## YOUR INSTRUCTIONS
From the entries that follow, copy exactly the lines beginning at the line holding "Изображение товара Заглушка" and continuing through the line holding "ZECHAO Mountain Bike".

Entries taken from a collection:
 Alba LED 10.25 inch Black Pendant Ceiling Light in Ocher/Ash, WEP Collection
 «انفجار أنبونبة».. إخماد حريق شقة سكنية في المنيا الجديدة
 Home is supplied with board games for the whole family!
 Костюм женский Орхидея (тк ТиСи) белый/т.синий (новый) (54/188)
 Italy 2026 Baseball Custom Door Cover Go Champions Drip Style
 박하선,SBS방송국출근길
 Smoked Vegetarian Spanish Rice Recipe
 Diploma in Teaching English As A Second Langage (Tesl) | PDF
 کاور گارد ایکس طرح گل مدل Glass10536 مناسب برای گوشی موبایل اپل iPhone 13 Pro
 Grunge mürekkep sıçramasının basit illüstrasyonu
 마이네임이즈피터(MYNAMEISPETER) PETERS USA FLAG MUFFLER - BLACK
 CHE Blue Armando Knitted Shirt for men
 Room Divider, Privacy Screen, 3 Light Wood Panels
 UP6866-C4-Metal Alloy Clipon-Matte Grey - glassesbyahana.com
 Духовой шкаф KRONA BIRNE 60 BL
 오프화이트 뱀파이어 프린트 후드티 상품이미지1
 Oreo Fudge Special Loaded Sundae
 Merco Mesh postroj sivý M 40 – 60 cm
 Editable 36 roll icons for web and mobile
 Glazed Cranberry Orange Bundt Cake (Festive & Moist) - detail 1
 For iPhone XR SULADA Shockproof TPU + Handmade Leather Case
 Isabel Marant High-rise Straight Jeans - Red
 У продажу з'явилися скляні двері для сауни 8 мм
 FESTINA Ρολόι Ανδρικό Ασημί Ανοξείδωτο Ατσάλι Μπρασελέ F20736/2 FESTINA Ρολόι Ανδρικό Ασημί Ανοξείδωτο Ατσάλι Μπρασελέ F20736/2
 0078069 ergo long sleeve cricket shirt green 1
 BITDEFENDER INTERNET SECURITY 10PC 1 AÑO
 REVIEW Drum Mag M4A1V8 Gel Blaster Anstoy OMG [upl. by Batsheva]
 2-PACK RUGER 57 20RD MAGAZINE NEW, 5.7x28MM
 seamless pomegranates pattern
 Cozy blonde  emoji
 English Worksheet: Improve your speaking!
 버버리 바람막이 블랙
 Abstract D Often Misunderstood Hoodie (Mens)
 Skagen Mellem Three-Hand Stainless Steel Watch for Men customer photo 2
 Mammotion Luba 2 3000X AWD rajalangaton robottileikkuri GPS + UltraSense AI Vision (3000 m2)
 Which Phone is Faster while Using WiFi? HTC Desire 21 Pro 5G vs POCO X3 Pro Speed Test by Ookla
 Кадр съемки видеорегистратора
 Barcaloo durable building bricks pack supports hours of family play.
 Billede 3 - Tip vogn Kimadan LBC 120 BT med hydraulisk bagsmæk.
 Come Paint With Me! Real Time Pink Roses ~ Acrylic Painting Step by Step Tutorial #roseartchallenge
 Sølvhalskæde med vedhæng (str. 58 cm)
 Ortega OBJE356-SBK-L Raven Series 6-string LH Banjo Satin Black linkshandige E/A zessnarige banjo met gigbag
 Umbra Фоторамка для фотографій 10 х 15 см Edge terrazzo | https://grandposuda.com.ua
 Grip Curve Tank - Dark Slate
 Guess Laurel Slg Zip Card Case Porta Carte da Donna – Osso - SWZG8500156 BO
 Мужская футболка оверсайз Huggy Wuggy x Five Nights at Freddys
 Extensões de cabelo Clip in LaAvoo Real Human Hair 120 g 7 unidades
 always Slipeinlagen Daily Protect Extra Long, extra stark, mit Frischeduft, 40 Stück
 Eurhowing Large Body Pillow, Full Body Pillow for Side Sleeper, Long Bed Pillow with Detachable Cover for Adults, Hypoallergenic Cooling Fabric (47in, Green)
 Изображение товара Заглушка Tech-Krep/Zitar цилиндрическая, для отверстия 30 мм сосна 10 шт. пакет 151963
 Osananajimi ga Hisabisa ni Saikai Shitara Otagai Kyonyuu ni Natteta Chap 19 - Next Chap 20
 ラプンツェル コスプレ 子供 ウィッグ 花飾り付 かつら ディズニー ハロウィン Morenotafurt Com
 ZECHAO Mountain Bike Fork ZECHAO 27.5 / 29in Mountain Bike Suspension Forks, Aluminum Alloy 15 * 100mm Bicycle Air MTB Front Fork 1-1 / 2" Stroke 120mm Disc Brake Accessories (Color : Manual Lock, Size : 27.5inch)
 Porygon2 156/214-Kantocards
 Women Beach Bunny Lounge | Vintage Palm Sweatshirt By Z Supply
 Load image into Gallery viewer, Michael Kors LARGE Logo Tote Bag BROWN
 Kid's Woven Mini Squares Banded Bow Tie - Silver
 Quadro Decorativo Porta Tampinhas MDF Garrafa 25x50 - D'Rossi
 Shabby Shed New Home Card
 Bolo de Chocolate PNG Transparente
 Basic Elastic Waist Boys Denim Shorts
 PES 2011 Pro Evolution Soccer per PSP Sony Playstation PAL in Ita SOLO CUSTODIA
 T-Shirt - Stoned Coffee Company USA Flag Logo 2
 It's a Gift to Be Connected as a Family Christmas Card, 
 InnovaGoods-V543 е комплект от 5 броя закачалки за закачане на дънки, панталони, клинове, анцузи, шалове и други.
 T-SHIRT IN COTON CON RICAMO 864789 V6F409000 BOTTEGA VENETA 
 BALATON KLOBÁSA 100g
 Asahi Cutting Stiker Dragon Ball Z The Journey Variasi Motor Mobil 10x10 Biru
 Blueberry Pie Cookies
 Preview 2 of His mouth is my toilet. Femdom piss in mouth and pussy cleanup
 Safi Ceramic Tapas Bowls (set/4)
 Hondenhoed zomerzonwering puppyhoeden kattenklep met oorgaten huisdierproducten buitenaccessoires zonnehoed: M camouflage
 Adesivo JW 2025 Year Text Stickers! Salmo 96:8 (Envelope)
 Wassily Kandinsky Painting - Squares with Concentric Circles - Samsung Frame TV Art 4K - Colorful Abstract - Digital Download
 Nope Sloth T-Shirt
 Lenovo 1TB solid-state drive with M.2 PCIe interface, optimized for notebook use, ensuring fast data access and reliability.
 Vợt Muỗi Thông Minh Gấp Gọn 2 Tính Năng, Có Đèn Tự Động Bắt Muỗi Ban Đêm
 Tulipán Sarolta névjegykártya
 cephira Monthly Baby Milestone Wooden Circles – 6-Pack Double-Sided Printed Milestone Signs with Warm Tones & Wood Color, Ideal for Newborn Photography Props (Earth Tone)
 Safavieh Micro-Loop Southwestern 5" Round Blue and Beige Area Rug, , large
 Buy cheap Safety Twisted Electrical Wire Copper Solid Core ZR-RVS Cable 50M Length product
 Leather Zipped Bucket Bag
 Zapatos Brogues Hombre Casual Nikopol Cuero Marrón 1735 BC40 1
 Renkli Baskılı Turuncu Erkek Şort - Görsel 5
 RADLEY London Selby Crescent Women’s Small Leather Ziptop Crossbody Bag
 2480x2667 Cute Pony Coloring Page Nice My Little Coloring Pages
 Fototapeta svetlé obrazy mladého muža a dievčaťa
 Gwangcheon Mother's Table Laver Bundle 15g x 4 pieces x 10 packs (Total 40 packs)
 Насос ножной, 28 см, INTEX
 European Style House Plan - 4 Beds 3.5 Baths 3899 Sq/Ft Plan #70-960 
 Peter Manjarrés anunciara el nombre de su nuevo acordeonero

## REPLY
 Изображение товара Заглушка Tech-Krep/Zitar цилиндрическая, для отверстия 30 мм сосна 10 шт. пакет 151963
 Osananajimi ga Hisabisa ni Saikai Shitara Otagai Kyonyuu ni Natteta Chap 19 - Next Chap 20
 ラプンツェル コスプレ 子供 ウィッグ 花飾り付 かつら ディズニー ハロウィン Morenotafurt Com
 ZECHAO Mountain Bike Fork ZECHAO 27.5 / 29in Mountain Bike Suspension Forks, Aluminum Alloy 15 * 100mm Bicycle Air MTB Front Fork 1-1 / 2" Stroke 120mm Disc Brake Accessories (Color : Manual Lock, Size : 27.5inch)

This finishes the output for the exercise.